Sometimes Spark "optimizes" a dataframe plan in an inefficient way. Consider the following example in Spark 2.1 (can also be reproduced in Spark 1.6):
val df = sparkContext.parallelize((1 to 500).map(i=> scala.util.Random.nextDouble),100).toDF("value")
val expensiveUDF = udf((d:Double) => {Thread.sleep(100);d})
val df_result = df
.withColumn("udfResult",expensiveUDF($"value"))
df_result
.coalesce(1)
.saveAsTable(tablename)
In this example I want to write 1 file after an expensive transformation of a dataframe (this is just an example to demonstrate the issue). Spark moves the coalesce(1)
up such that the UDF is only applied to a dataframe containing 1 partition, thus destroying parallelism (interestingly repartition(1)
does not behave this way).
To generalize, this behavior occurs when I want to increase parallelism in a certain part of my transformation, but decrease parallelism thereafter.

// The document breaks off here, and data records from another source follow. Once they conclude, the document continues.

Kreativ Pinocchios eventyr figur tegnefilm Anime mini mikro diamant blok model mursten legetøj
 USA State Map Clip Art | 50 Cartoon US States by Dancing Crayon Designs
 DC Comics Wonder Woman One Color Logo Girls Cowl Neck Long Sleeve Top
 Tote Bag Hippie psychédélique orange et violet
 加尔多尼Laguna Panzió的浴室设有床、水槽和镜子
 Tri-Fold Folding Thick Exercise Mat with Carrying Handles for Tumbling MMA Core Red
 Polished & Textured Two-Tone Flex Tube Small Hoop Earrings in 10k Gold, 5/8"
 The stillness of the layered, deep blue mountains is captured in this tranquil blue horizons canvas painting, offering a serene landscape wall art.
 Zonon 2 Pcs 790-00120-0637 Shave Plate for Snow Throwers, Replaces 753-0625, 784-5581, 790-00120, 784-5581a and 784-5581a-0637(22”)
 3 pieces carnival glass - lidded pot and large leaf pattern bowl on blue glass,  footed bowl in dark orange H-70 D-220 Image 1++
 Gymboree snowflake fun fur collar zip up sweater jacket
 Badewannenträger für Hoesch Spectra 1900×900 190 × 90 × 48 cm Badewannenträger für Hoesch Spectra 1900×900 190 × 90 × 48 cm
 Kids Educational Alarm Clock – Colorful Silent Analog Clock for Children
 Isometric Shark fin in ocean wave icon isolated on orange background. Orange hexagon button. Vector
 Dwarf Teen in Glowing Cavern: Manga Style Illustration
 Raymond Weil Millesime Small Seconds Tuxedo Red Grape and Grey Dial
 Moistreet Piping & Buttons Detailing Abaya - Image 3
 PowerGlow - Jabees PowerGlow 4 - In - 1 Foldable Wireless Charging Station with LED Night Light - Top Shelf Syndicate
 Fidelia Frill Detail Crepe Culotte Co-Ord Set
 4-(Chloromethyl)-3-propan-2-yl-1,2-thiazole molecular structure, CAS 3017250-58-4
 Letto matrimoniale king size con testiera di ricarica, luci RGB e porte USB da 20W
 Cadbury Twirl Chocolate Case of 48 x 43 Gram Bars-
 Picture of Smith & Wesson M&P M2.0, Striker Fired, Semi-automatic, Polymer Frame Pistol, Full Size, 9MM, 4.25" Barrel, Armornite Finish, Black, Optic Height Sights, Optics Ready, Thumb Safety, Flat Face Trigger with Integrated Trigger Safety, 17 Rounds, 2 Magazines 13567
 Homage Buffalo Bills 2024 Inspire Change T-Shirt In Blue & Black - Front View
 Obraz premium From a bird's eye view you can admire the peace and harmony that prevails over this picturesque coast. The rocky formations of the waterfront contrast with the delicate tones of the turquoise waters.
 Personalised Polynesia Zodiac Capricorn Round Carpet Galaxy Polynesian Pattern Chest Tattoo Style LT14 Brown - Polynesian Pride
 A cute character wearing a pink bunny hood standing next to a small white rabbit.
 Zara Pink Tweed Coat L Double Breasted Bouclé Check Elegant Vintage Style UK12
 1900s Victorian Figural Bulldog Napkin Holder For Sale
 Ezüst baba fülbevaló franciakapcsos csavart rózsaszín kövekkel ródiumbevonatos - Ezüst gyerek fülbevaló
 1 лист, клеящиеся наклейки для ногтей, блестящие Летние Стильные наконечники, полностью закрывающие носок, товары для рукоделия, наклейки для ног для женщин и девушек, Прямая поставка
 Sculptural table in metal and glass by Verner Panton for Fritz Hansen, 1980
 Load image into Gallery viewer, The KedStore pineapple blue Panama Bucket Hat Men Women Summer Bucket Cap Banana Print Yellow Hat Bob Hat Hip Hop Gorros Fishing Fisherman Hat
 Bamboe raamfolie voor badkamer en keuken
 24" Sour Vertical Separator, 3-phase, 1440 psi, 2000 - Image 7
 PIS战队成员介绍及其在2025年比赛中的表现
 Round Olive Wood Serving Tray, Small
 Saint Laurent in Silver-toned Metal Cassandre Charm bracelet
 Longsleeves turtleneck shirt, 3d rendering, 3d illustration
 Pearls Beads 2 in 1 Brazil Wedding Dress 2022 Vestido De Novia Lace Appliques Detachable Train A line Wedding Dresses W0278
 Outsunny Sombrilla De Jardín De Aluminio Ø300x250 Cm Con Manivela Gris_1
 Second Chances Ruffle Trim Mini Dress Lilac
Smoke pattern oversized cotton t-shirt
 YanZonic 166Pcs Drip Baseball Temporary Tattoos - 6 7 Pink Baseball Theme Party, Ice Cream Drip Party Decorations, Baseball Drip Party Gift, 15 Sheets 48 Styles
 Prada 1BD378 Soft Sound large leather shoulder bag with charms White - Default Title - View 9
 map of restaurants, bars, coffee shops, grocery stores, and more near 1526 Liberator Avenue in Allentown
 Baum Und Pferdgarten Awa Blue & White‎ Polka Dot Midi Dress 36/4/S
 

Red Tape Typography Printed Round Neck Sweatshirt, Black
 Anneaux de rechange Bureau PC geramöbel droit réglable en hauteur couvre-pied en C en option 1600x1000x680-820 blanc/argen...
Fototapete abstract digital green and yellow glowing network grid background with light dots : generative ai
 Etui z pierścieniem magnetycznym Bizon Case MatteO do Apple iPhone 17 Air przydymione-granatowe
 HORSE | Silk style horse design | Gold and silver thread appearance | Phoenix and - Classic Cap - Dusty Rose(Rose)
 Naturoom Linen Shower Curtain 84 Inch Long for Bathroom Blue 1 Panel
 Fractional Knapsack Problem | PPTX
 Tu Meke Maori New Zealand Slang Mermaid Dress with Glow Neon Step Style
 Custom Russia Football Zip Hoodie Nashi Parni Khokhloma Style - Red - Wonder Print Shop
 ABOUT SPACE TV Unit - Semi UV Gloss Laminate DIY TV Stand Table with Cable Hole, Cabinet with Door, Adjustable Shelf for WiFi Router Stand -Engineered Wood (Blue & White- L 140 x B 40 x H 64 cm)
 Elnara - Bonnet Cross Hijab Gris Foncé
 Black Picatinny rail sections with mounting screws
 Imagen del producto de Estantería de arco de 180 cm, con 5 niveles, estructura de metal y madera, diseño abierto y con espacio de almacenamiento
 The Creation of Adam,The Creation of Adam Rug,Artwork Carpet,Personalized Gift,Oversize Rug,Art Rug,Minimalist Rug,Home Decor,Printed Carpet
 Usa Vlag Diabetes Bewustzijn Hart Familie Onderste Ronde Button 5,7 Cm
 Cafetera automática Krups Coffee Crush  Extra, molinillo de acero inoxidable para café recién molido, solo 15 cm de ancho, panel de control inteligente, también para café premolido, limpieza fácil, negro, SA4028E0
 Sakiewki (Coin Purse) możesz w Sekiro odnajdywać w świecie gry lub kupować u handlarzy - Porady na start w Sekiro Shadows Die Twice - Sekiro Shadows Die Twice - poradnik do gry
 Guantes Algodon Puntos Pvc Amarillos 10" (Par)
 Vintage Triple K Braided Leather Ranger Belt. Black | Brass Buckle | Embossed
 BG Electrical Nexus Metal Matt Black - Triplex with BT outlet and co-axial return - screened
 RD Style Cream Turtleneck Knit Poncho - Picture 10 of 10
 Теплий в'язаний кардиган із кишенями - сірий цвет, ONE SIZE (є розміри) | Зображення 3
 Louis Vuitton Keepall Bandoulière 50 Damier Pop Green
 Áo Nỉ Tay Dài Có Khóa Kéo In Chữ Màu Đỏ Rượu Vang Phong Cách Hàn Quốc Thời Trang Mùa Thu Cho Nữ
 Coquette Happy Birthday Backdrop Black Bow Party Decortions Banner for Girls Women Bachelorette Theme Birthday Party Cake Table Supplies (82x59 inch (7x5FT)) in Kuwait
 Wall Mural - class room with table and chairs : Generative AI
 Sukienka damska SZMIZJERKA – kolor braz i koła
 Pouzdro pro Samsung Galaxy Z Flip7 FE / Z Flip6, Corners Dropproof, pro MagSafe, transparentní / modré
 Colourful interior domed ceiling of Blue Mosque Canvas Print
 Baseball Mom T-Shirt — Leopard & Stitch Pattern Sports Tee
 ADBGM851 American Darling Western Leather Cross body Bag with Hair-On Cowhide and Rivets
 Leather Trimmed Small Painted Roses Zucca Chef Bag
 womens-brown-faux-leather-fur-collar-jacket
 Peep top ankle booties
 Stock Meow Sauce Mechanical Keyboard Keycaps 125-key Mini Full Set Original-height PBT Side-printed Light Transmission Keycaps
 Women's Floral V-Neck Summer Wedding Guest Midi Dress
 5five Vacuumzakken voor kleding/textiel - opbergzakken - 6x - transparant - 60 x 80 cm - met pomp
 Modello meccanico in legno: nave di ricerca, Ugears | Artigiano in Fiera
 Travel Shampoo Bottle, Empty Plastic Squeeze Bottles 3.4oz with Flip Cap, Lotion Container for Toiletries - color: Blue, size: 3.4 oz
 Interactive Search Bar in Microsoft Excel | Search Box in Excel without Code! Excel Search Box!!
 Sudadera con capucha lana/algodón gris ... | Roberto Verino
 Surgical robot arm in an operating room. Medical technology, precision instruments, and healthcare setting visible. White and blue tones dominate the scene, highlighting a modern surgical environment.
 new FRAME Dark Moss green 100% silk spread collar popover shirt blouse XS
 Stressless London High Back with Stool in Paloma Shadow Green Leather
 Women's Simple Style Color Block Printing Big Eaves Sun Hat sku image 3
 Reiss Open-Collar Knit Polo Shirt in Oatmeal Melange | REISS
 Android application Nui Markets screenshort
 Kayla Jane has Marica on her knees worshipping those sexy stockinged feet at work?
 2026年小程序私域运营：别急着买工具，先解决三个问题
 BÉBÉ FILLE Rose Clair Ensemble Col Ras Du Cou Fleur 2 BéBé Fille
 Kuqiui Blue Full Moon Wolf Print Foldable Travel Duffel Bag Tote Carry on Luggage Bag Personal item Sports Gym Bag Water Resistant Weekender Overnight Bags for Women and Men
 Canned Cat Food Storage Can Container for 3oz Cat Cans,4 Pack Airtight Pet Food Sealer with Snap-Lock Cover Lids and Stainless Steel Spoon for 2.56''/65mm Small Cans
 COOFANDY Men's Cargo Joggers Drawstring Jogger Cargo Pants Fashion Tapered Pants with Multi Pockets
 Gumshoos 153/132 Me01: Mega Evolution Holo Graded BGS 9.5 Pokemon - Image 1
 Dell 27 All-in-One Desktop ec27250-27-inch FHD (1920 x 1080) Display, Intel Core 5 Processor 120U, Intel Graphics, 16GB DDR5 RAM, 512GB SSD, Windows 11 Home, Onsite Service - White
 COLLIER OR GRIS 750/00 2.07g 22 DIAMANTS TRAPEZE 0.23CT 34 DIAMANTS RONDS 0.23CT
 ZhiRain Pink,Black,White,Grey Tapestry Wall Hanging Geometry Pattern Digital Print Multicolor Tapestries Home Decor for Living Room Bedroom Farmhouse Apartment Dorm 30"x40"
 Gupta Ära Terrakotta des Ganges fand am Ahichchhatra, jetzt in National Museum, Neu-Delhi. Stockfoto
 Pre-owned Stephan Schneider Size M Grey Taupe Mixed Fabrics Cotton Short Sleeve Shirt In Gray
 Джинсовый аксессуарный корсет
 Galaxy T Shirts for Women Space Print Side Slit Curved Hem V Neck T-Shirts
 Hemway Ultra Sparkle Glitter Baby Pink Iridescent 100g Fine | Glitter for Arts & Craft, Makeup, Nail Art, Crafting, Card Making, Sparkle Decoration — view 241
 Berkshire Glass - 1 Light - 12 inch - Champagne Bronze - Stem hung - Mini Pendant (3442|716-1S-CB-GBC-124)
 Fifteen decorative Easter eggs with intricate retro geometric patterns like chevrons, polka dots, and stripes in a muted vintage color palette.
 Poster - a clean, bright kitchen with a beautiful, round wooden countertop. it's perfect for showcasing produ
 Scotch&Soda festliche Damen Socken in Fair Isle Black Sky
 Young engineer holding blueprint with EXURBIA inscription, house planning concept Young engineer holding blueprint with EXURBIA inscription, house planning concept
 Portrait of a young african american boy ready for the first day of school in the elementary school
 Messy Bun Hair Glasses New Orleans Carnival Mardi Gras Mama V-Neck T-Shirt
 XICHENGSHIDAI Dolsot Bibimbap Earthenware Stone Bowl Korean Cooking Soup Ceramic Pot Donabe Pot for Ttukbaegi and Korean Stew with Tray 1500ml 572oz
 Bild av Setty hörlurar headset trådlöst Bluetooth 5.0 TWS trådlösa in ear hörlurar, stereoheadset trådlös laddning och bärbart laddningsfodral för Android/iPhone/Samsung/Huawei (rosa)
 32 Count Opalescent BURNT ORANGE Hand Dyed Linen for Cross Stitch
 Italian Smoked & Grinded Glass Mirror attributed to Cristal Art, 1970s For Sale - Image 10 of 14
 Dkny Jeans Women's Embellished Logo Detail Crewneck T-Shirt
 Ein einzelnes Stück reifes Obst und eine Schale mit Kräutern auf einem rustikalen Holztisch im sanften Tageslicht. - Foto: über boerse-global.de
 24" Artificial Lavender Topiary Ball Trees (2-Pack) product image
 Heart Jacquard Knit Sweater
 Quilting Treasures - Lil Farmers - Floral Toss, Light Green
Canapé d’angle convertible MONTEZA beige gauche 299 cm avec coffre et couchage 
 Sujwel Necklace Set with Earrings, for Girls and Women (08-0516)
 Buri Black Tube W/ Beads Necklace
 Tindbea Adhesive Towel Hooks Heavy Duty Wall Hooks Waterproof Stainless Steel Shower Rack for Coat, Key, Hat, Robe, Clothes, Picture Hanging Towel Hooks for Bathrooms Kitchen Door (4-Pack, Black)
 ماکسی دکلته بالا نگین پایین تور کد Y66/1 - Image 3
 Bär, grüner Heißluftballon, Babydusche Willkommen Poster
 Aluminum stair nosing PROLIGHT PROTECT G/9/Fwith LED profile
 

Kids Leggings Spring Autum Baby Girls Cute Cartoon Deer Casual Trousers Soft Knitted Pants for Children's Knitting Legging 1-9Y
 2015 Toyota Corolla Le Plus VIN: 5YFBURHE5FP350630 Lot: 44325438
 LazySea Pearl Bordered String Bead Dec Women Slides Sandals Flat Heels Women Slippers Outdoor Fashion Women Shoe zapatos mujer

I've found one workaround which consists of caching the dataframe and then triggering the complete evaluation of the dataframe:
val df = sparkContext.parallelize((1 to 500).map(i=> scala.util.Random.nextDouble),100).toDF("value")
val expensiveUDF = udf((d:Double) => {Thread.sleep(100);d})
val df_result = df
.withColumn("udfResult",expensiveUDF($"value"))
.cache
df_result.rdd.count // trigger computation
df_result
.coalesce(1)
.saveAsTable(tablename)
My question is: is there another way to tell Spark not to decrease parallelism in such cases?
getNumPartitions()
would be sufficient to force instantiation, without having to actually scan the result withcount()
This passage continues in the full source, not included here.